PHOTO
Teamster Aleks Berzins has scored a back-to-back win in The Golden Plough and can next be seen with his horse team at the Barellan Good Old Days Festival on 2-4 October.
Aleks will be not only ploughing but showing off his other talents as a horse master and why he is rated among the top horse teamsters in the world.
Sitting on a rusty horse-drawn scarifier, Aleks Berzins is farming the land in the same way his grandfather did.
The 36-year-old, from Exeter in the NSW Southern Highlands, breeds Australian draught horses, using them in every part of his farming operations.
“We really like to keep it traditional,” Mr Berzins said.
“Everything from ploughing, harrowing paddocks, sowing, cutting hay and stripping-off a crop.”
He owns more than 50 drought horses.
Mr Berzins said a part of the farm was prepared for cropping using a single furrow plough.
“We do a section of the farm every year and if the conditions are right, it’s a pretty nice, peaceful thing to do,” he said.
He said the horses enjoyed the farm work as much as he did.
“They are herd animals, they do like to work together, and they really enjoy what they’re doing,” he said.

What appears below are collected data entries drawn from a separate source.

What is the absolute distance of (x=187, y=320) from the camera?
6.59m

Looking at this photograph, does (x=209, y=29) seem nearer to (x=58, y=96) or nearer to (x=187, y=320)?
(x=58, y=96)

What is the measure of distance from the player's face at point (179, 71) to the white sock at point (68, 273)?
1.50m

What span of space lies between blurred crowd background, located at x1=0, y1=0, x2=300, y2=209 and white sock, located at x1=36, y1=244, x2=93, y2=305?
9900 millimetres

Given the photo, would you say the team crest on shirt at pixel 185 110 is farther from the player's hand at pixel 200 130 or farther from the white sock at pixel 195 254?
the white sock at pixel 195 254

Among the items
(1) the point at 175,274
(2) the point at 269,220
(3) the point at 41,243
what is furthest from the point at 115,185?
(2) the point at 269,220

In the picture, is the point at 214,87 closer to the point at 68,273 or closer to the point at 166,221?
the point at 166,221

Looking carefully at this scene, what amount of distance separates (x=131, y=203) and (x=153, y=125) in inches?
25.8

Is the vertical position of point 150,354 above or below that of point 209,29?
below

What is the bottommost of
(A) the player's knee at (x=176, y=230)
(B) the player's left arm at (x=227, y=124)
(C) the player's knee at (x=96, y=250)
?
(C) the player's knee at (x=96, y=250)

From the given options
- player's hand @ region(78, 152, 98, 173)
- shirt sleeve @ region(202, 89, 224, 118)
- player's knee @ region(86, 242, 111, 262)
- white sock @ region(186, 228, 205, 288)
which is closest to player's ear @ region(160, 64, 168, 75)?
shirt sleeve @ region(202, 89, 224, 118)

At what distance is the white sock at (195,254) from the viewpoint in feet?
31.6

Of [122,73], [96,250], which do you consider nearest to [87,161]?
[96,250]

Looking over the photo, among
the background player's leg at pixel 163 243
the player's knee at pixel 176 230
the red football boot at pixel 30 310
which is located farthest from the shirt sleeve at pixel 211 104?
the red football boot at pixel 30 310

Mr Berzins said using heavy horses and antique equipment was not as quick as modern day farming practices but believed it had other benefits.

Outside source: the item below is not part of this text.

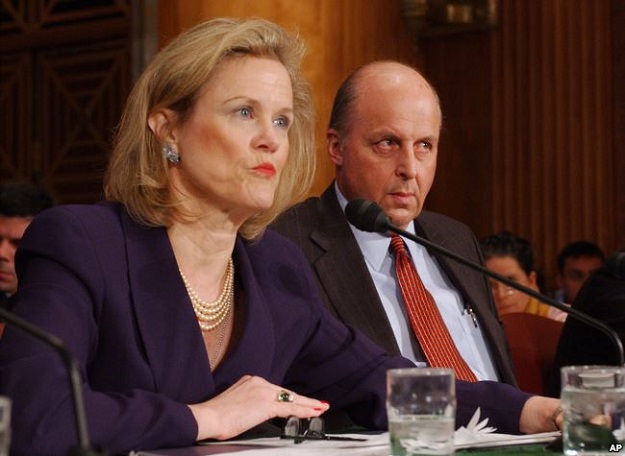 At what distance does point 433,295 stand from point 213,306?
3.38 feet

“The way the soil is turned over with horses in general is slower and I think it’s better for the soil,” he said.
“You’re using it more in an organic way, turning [the soil] over with a moldboard plough or scarifying the paddock to knock the weeds.”
He said working with a team of horses involved time and patience.
“They’re not like a tractor – you can't just put a key in," he said.
“When you’re working multiple, say a team of eight [horses], they’ve all got different personalities, so putting them in places where they are happy is important.”
Mr Berzins developed his interest in heavy horses by working with his grandfather, Sidney Samuels.
“It’s nice to go out and plough a paddock that I remember him ploughing and it certainly keeps his memory alive,” he said.
Mr Berzins is one of the wagon drivers, known as teamsters, behind a record-breaking event that involved 62 heavy horses being harnessed to pull a wagon at Barellan in the NSW Riverina.
He trained 30 horses in the mega-team, controlling the lead horses using voice commands from the wagon.
“Following behind a small horse team on the farm is different to seeing 62 horses out in front of you,” Mr Berzins said.
“It’s something I will never forget … I’m proud of the horses and what they have achieved.”